An Zongde reveals his philosophy of humility, prudence, and moderation through his art. He understands his materials well and is able to utilise them in various combinations with the effects of nature. The artist uses a wide variety of unpretentious materials from everyday life, including dried plants, rice, old fabric, rocks, rusted metal, needles, and thread, which change steadily with the effects of nature. An’s work is a trace of how time passes; the power of sunlight, wind, and rain consolidates on the materials, leaving unpredictable and indelible marks on his canvas.
Le Temps (2012–), one of An Zongde’s featured works, is a result of sunlight, rain, and wind acting upon the work over several years. The artist spread a blue cotton cloth on the earth and placed stones, wooden blocks, and iron on it. Artificial colours and forms disappeared after the cloth was exposed to natural elements, and the trace of time appeared on the work with new colours and forms. The white dot in the middle of the work, a minimal mark of the artist’s intervention, expresses the balance and order of a microcosm. In Le Temps (2013–), the artist placed sheets of coloured paper with sticks made of lime powder under sunlight. The sheets of paper collected light with time until all the colours disappeared and recorded the physical changes of reality which we do not see.
Park Yungnam’s creation process does not entertain any conscious intention; instead, he creates art with comfort, simplicity, and purity. Park paints with his fingers as an extension of the play that he relished when he was a child, creating freely roaming lines and powerful movements. Park’s works lead viewers to recollect forgotten delights of childhood memories, leading them to wander in the world of innocence. Among the five senses, Park is especially keen on the sense of touch, associating his finger painting to primitiveness; to Park, rubbing colours onto a canvas is akin to feeling around an immense surface of earth.
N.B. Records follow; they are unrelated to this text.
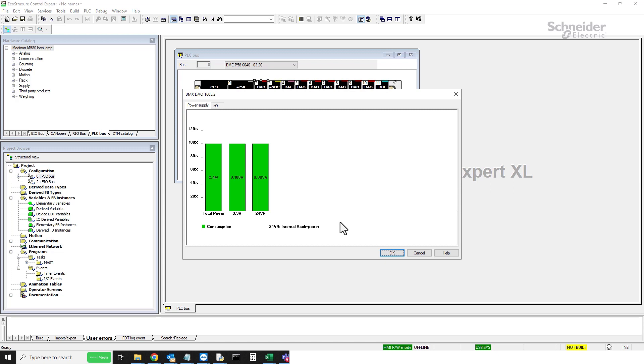The benefit of doing that is it gives you a representation of which bus line the current module is sourcing from, as well as the amount of power the module is consuming from the power supply.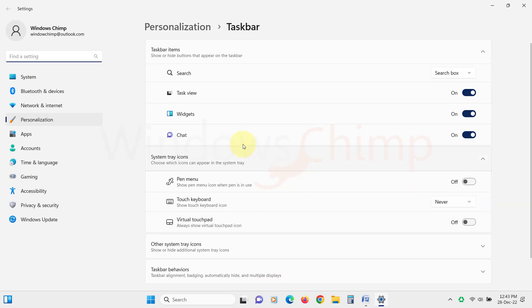Here, locate widgets, then use the toggle button to disable it. Now the widgets will disappear from the Taskbar.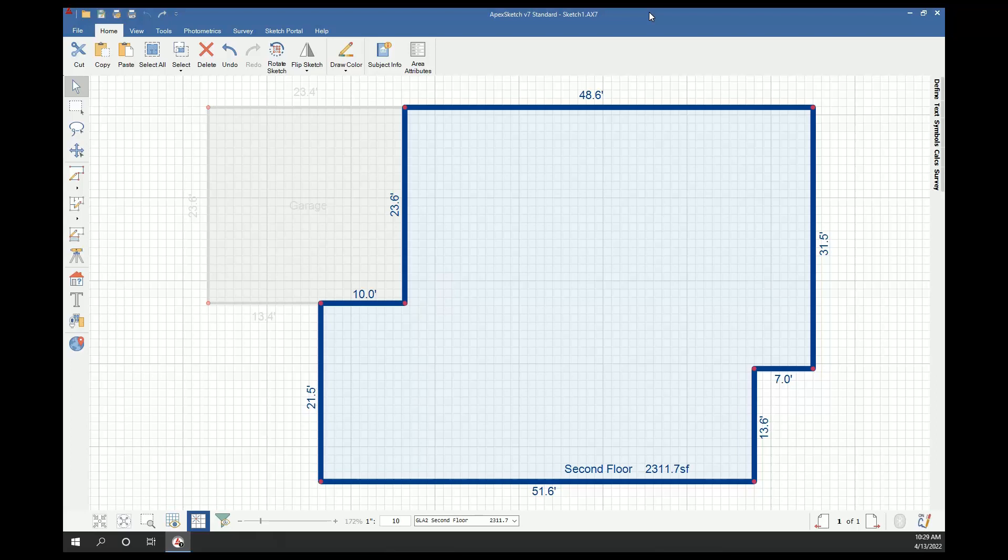Hey everyone, Brian Marino here with Apex Software. In today's video I'm going to go over how to subtract one area from another. In Apex we call this auto subtract, and the way it works is it takes one area and subtracts the square footage of that area from an area that's larger than it. In this case I have a second floor drawn, it's 2311.7 square feet, and I have an open area that I need to subtract from it.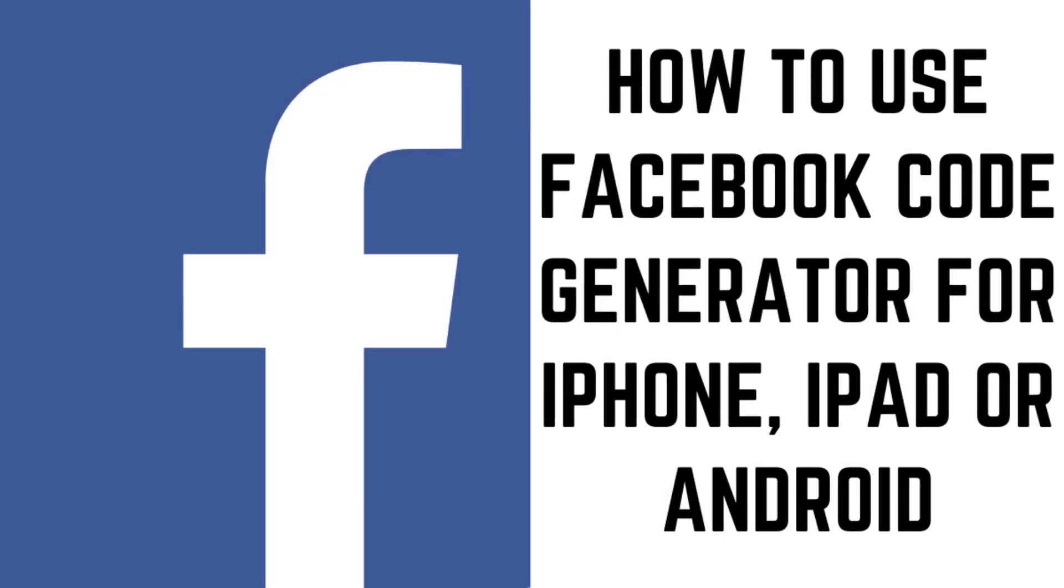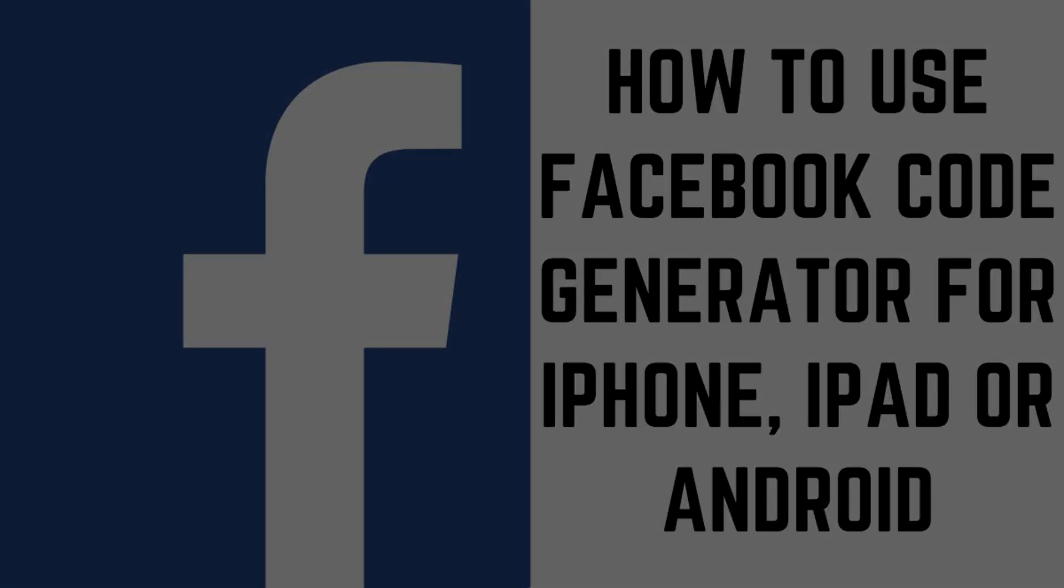Hey everyone. I'm Max Dalton, and in this video I'll show you how to use Facebook Code Generator for an iPhone, iPad, or Android device.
In Moonlight Song, Park’s series of black and white acrylic paintings, the artist started with nature as a motif and only hues are revealed once completed. Park is firm in his belief that “colours are forms”; without making any effort to depict nature, colours are transferred to a different kind of “natural form”. Park says, “I hope my painting is made, rather than me making the work. I wish that the created world were Utopia. Furthermore, I wish that world of Utopia were a world of limitless beauty.”